From the state of integrity in which many of the plants are preserved,
there is reason to believe that they perished, and were silted up in mud
and sand upon, or near to, the spots where they grew. The strata of the
formation attain a prodigious depth in some coalfields. In South Wales the
beds, according to actual measurement, are of the depth of 12,000 feet.

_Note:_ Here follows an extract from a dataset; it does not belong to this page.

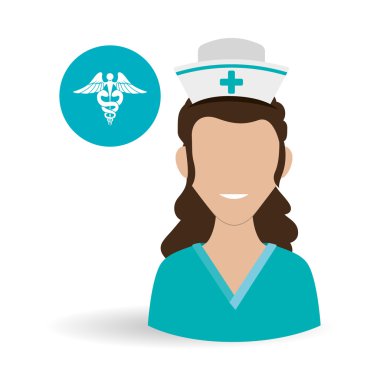 Tıbbi bakım kavramı. Hemşire simgesi. Beyaz arka plan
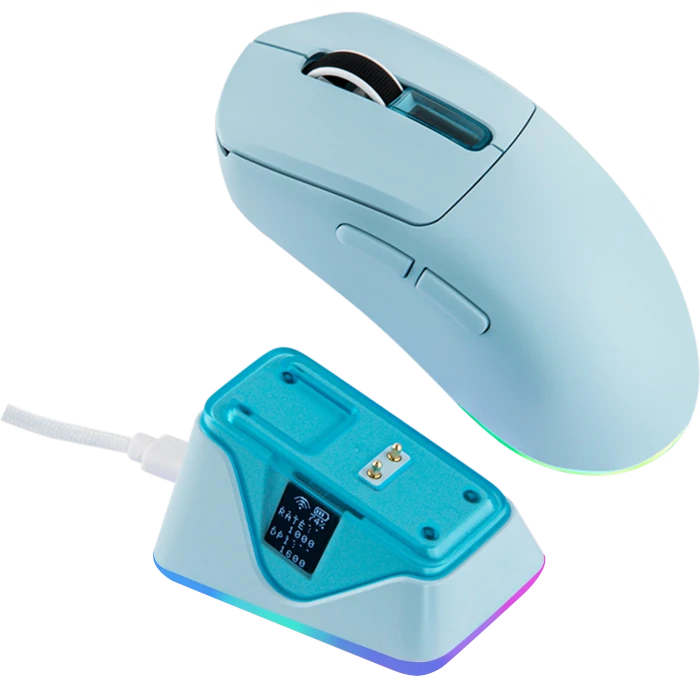 Epomaker Nex Lite Wireless Gaming Mouse mit Ladestation, blau, USB/Bluetooth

One acre of coal, three feet in thickness, is estimated to be equal to the
produce of 1940 acres of forest; and in the Scottish coal-fields there are
seams of workable coal, giving an aggregate of 100 to 200 feet in
thickness. When we reflect on the slow and imperceptible process of the
deposition of the rocks from the floating sediment of estuaries and seas,
and take into account the intermediate periods occupied in the growth and
destruction of entire forests of trees, many of them of great magnitude,
the mind is overpowered by the attempt to grasp the idea of the time
occupied in the production of this geological system. Yet the age of
plants had been preceded by two life-periods altogether different, and of
a duration not less prolonged. One era had witnessed the primeval ocean
swarming with zoophytes, crustaceans, molluscs, and vertebrates, whose
fossil remains characterise the Cumbrian and Silurian systems; these had
died and disappeared to give place to the Devonian age, the reign of
fishes, whose marvellous forms are restricted to the period. After the
coal plants had covered immense tracts of the territory which we now
recognise as parts of the old and the new world, an era opened with corals
and crinoids (stone-lilies), occupying the depths of the sea, huge,
frog-like animals crawling on the shore, and coniferous plants reappearing
on the land. The age of reptiles succeeded, and the huge ichthyosaurus and
pleiosaurus swarmed in the Liassic and Oolitic ocean, while the cycas took
its place beside the conifer on the earth. Another revolution, and the
fresh-water of the Wealden period prevailed, with terrestrial and aquatic
reptiles frequenting the rivers and deltas, and new forms of vegetable
life fringing their banks. Then followed the age of the Chalk, with its
profusion of foraminifera, echinoderins, molluscs, fishes, and reptiles.
Nor was it till yet another epoch had come and gone, and another chapter
of the earth's history, recording the annals of the reign of mammalians,
had been written as with a pea of iron on the rocks, that man at length
appeared on the scene, and found a dwelling prepared for him, provided
with every blessing and benefit suited to his physical condition and moral
destiny. But the incalculable ages of geological time, so overwhelming to
the finite minds of the children of a day, are, in the estimate of the
Eternal, but landmarks in the evolution of the plan of creation and
providence. To Him "one day is as a thousand years, and a thousand years
as one day."
The black belts and patches
on a coloured geological map of Great Britain at once indicate the
distribution of the coal-measures and the seats of manufacturing industry.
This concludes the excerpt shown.